WE: Du bist sehr vielseitig interessiert: Neben Twitch bist Du auch noch Tänzerin, Model – und was noch? Was macht Dir am meisten Spaß?
Lika: Ja, das stimmt. Ich habe unglaublich viele Hobbys. Es ist manchmal schwierig alles unter einen Hut zu bekommen. Ich singe und schreibe selber Songs. Ich tanze außerdem seit einem Jahr bei den „s.Oliver Würzburg Dancers“ mit. Auch wenn Corona nur virtuelles Training zulässt. Sport ist überhaupt sehr wichtig für mich. Letztes Jahr habe ich das Longboard fahren entdeckt. Abends tanze ich manchmal nur für mich selbst zu Musik. Ab und zu brauche ich auch Zeit für mich allein, deswegen suche ich mir meistens Hobbys, die man auch alleine machen kann. Ich habe das Talent, alleine Dinge tun zu können, die mich unglaublich glücklich machen. Und wenn mir jemand sagt, ich bin zu alt für ein Hobby, oder um irgendetwas zu erreichen, dann mach ich es erst recht!

Lika aka. SmallCurlyFry mit ihrer Ukulele. Foto: @lukas_s._photography (IG).
WE: Was machst Du sonst außerhalb vom Streamen und Deiner weiteren Hobbys noch? Hast Du eine Ausbildung, einen Hochschulabschluss oder ähnliches?
Lika: Ich habe ab und zu Fotoshootings und diverse andere Projekte. Manchmal bezahlt, manchmal auf TFP Basis. Darunter zählen Musikvideos, Imagefilme und kleinere Rollen in Filmen.

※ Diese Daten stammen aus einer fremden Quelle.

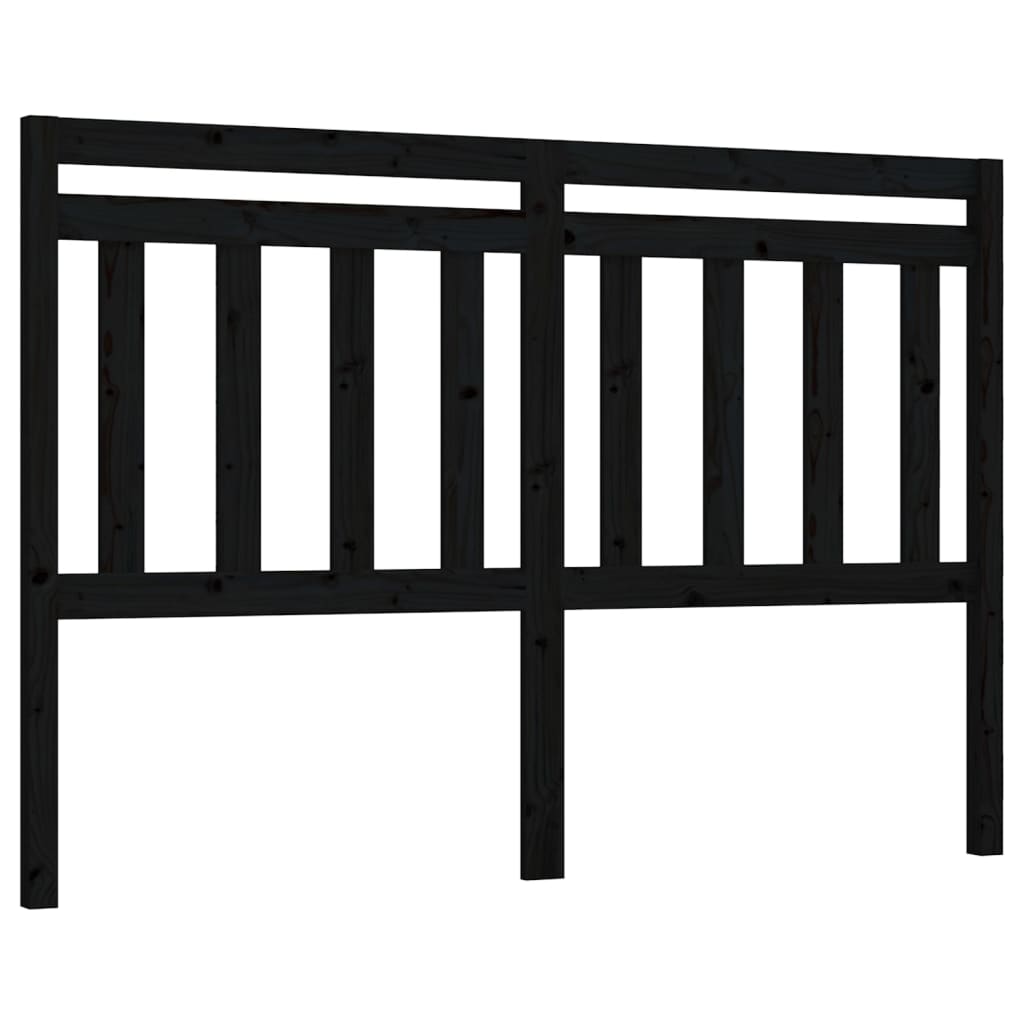 Hoofdbord 66X4X00 Cm Massief Grenenhout 166 x 100 cm Zwart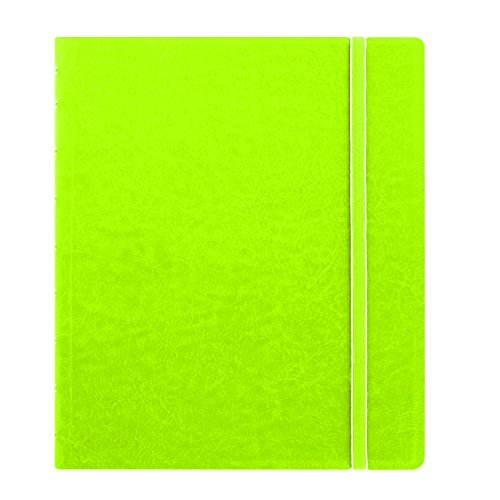 ''FILOFAX REFILLABLE NOTEBOOK CLASSIC, 9.25'''' x 7.25'''' Pear- Elegant leather-look cover with moveable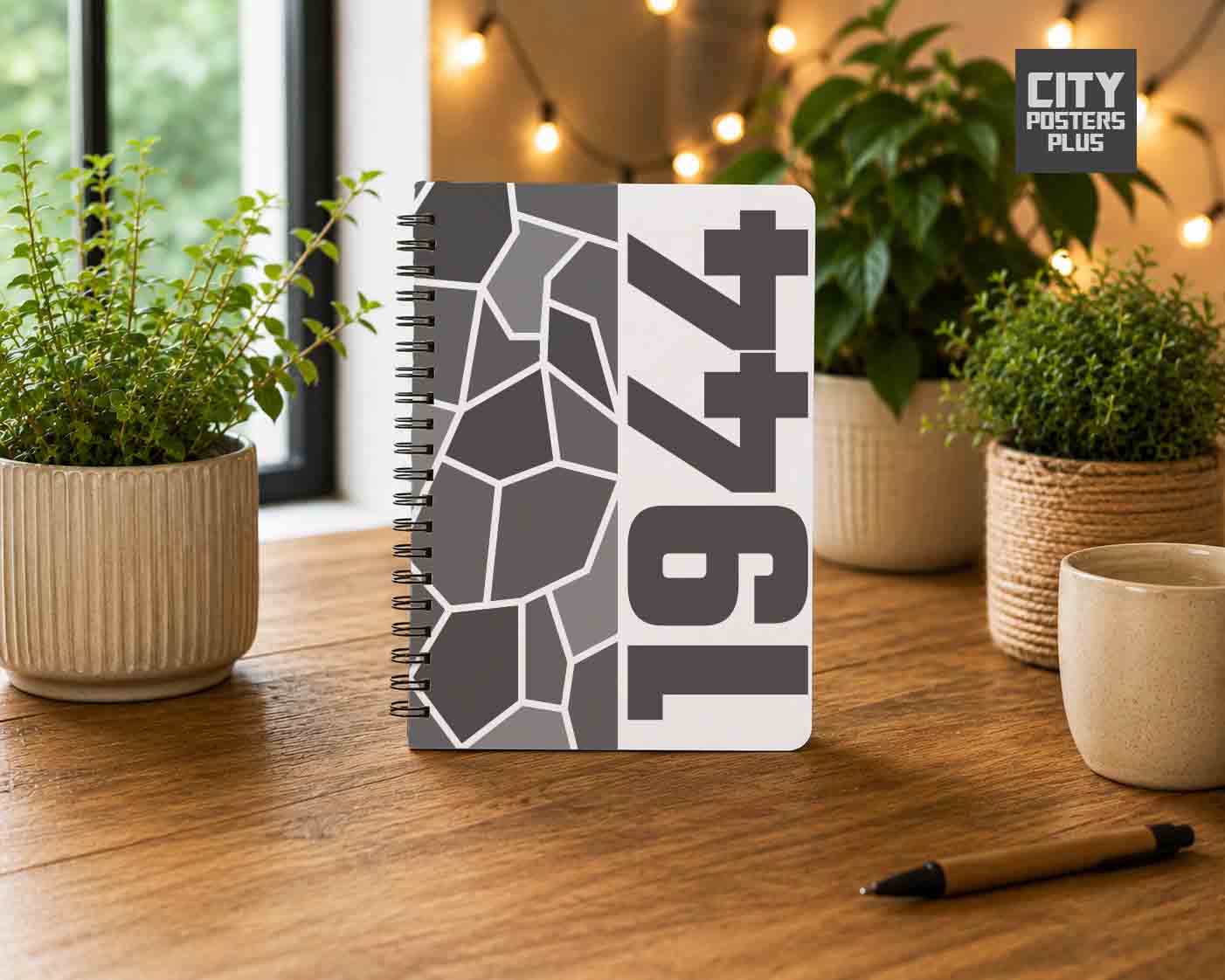 Notebook Plus One 1944 Year Notebook (White)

Wie bereits erwähnt besitze ich eine Musicalausbildung und einen Bachelor in Sozialer Arbeit mit Schwerpunkt Musiktherapie.
Bis März habe ich zudem in einem Flüchtlingswohnheim für unbegleitete minderjährige Flüchtlinge ausgeholfen.
„Ich habe meinen Platz in der Welt gefunden“
WE: Welche fünf Adjektive beschreiben Dich am besten?
Lika: Begeisterungsfähig, quirlig, positiv, temperamentvoll, Träumerin (ist jetzt leider kein Adjektiv haha)
WE: Was sind Deine Pläne und Ziele für die Zukunft?
Lika: Weiterhin Menschen mit meinem Kanal zu erreichen und Sie glücklich zu machen. Weiterhin mit so viel Spaß und Motivation an Twitch dranzubleiben und mich weiterzuentwickeln. Meine ersten eigenen Songs zu releasen und vielleicht etwas mehr finanzielle Sicherheit wäre auch nicht schlecht. Aber letztendlich ist für mich der Weg das Ziel. Und der Weg auf dem ich mich befinde, macht unglaublich viel Spaß.
Ich kann sagen, ich habe meinen Platz in der Welt gefunden.